Search code examples
javascriptjsonarraybuffer

Converting huge JSON object to Blob by stringifying "directly into" an ArrayBuffer/Blob to avoid maximum string length error


Context:

I have some code like this in my application:

let blob = new Blob([JSON.stringify(json)], {type: "application/json"});

However, it sometimes fails because in Chrome the maximum string length is ~500MB, and json can sometimes be larger than this.

Question:

I'm looking for a way to go straight from my json variable (i.e. a POJO) to a Blob, probably via some sort of streaming stringification that saves to an ArrayBuffer as it goes. Or any other way to get a large json object into a Blob without running into a 'maximum string length' error.

Notes:

  • Solution must work in the browser.
  • If an existing library is proposed in an answer, it must not be one that expects the json to simply be an array, since that case is very easy to handle. It must instead expect an arbitrarily nested JSON object where e.g. 90% of the data could be in foo.bar.whatever rather than spread evenly over the top-level keys, or whatever.
  • I am not looking for a solution that expects a stream as an input, and results in a stream of string chunks as the output, like json-stream-stringify or streaming-json-stringify, for example. Instead, I'd like to input an already-in-memory POJO, and get a Blob out which contains the stringified JSON.

Related:

  • How to use JSONStream to stringify a large object - OP seems to have a similar problem, but is specifically asking about JSONStream, which is for Node.js rather than the browser, and I think the solution given just saves to a file key-by-key, rather than in a "fully nested" manner? If there's a way to get this working in the browser in a way that results in an ArrayBuffer that contains the larger-than-maximum-string-length JSON string for arbitrarily nested, objects, then that would definitely qualify as an answer.
  • How to use streams to JSON stringify large nested objects in Node.js? - same as above.

Solution

  • This works:

    function jsonToBlob(json) {
      const textEncoder = new TextEncoder();
      const seen = new WeakSet();
    
      function processValue(value) {
        if(seen.has(value)) {
          throw new TypeError("Converting circular structure to JSON");
        }
    
        if(value && typeof value.toJSON === "function") {
          value = value.toJSON();
        }
    
        if(typeof value === 'object' && value !== null) {
          seen.add(value);
    
          const blobParts = [];
          const entries = Array.isArray(value) ? value : Object.entries(value);
          for(let i = 0; i < entries.length; i++) {
            if(Array.isArray(value)) {
              blobParts.push(processValue(entries[i]));
            } else {
              const [key, val] = entries[i];
              blobParts.push(textEncoder.encode(JSON.stringify(key) + ':'), processValue(val));
            }
            if(i !== entries.length - 1) blobParts.push(textEncoder.encode(','));
          }
    
          const startBracket = Array.isArray(value) ? '[' : '{';
          const endBracket = Array.isArray(value) ? ']' : '}';
          return new Blob([textEncoder.encode(startBracket), ...blobParts, textEncoder.encode(endBracket)]);
        } else if(typeof value === 'function' || typeof value === 'undefined') {
          return textEncoder.encode("null");
        } else {
          // For primitives we just convert it to string and encode
          return textEncoder.encode(JSON.stringify(value));
        }
      }
    
      return processValue(json);
    }
    

    ✅ Test 1:

    let blob = jsonToBlob([{hello:{foo:[1,2,3], a:1, bar:["a", 2, {$hi:[1,2,3, {a:3}]}]}}, 4, new Date(),, (()=>{})]);
    console.log(JSON.parse(await blob.text()));
    

    ✅ Test 2:

    let json = {};
    for(let i = 0; i < 600000; i++) {
      json[Math.random()] = Math.random().toString().repeat(100);
    }
    let blob = jsonToBlob(json);
    console.log(blob); // ~1 GB
    

    Will update this answer if I find any errors/problems when this gets to production.
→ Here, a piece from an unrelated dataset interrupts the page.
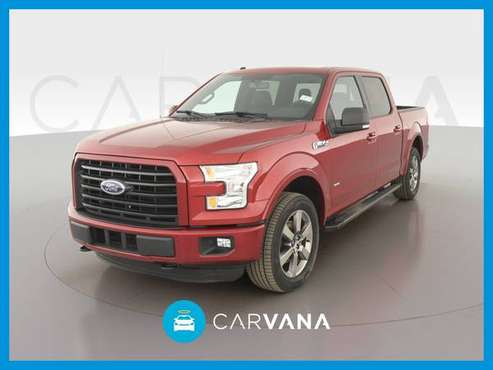 2016 Ford F150 SuperCrew Cab XLT Pickup 4D 5 1/2 ft pickup Red for sale in Chicago, IL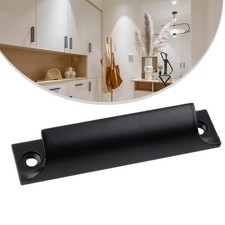 Aluminium Écran Porte Poignée Bois Solide Battant Poignée Porte Placard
    Update: One year later, the only issue I've run into the with the above solution is that it's a bit slow in some cases. Here's a version that produces the exact same output but is more than 10x faster in my real-world tests:

    function jsonToBlob(json) {
      const textEncoder = new TextEncoder();
      const seen = new WeakSet();
      let buffer = new Uint8Array(1024 * 1024); // Start with 1MB buffer
      let position = 0;
      let stringBuffer = '';
    
      function ensureCapacity(additionalBytes) {
        if (position + additionalBytes > buffer.length) {
          const newBuffer = new Uint8Array(Math.max(buffer.length * 2, position + additionalBytes));
          newBuffer.set(buffer);
          buffer = newBuffer;
        }
      }
    
      function writeToBuffer(str) {
        const encoded = textEncoder.encode(str);
        ensureCapacity(encoded.length);
        buffer.set(encoded, position);
        position += encoded.length;
      }
    
      function flushStringBuffer() {
        if (stringBuffer.length > 0) {
          writeToBuffer(stringBuffer);
          stringBuffer = '';
        }
      }
    
      function processValue(value) {
        if (seen.has(value)) {
          throw new TypeError("Converting circular structure to JSON");
        }
    
        if (value && typeof value.toJSON === "function") {
          value = value.toJSON();
        }
    
        if (typeof value === 'object' && value !== null) {
          seen.add(value);
    
          const isArray = Array.isArray(value);
          stringBuffer += isArray ? '[' : '{';
    
          let first = true;
          for (const [key, val] of Object.entries(value)) {
            if (!first) stringBuffer += ',';
            first = false;
    
            if (!isArray) {
              stringBuffer += JSON.stringify(key) + ':';
            }
    
            processValue(val);
          }
    
          stringBuffer += isArray ? ']' : '}';
        } else if (typeof value === 'function' || typeof value === 'undefined') {
          stringBuffer += 'null';
        } else {
          stringBuffer += JSON.stringify(value);
        }
    
        // Flush the string buffer if it gets too large
        if (stringBuffer.length > 1024) {
          flushStringBuffer();
        }
      }
    
      processValue(json);
      flushStringBuffer();
    
      return new Blob([buffer.subarray(0, position)]);
    }